A Probabilistic Formulation for Meta-Weight-Net

IEEE Trans Neural Netw Learn Syst. 2023 Mar;34(3):1194-1208. doi: 10.1109/TNNLS.2021.3105104. Epub 2023 Feb 28.

Abstract

In the last decade, deep neural networks (DNNs) have become dominant tools for various of supervised learning tasks, especially classification. However, it is demonstrated that they can easily overfit to training set biases, such as label noise and class imbalance. Example reweighting algorithms are simple and effective solutions against this issue, but most of them require manually specifying the weighting functions as well as additional hyperparameters.

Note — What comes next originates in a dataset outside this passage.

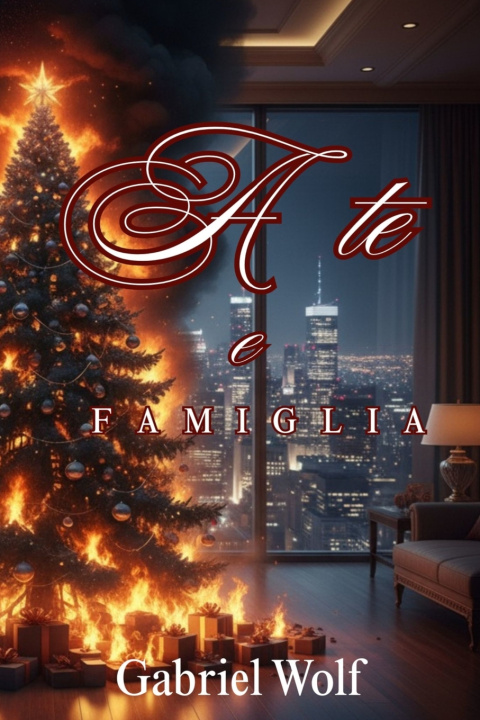 Книга A Te e Famiglia Gabriel Wolf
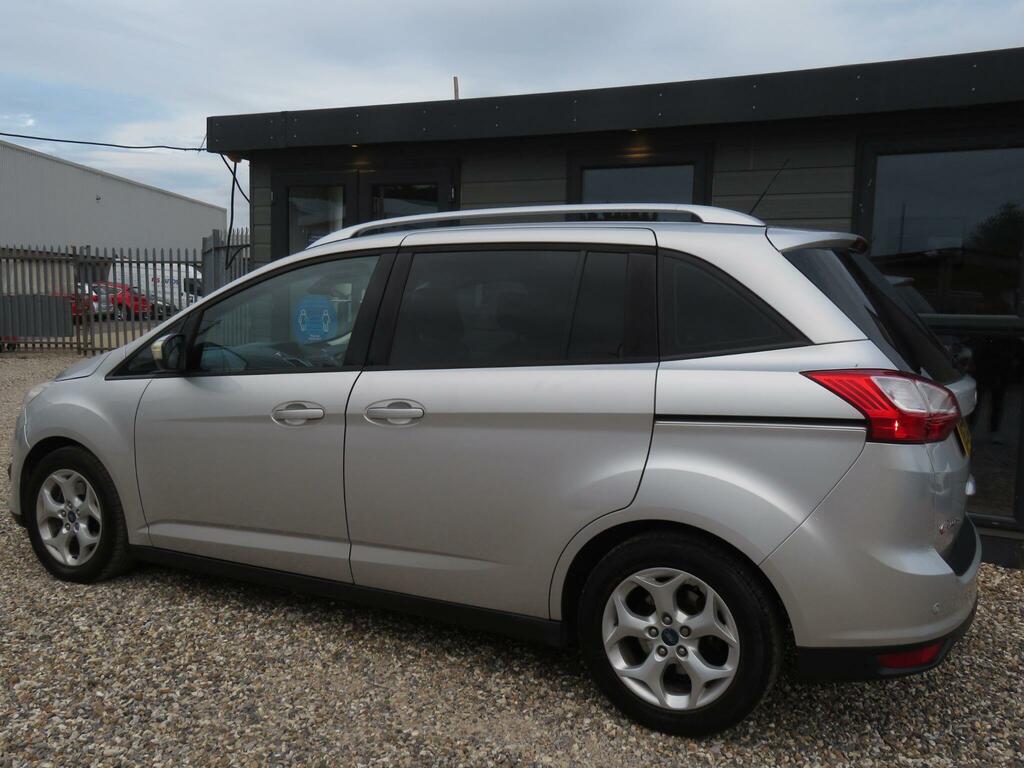 Ford Grand C-Max Mpv 2.0 Tdci Titanium X Powershift Euro 5 201 Blue #32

Recently, a meta-learning-based method Meta-Weight-Net (MW-Net) has been proposed to automatically learn the weighting function parameterized by an MLP via additional unbiased metadata, which significantly improves the robustness of prior arts. The method, however, is proposed in a deterministic manner, and short of intrinsic statistical support. In this work, we propose a probabilistic formulation for MW-Net, probabilistic MW-Net (PMW-Net) in short, which treats the weighting function in a probabilistic way, and can include the original MW-Net as a special case. By this probabilistic formulation, additional randomness is introduced while the flexibility of the weighting function can be further controlled during learning. Our experimental results on both synthetic and real datasets show that the proposed method improves the performance of the original MW-Net. Besides, the proposed PMW-Net can also be further extended to fully Bayesian models, to improve their robustness.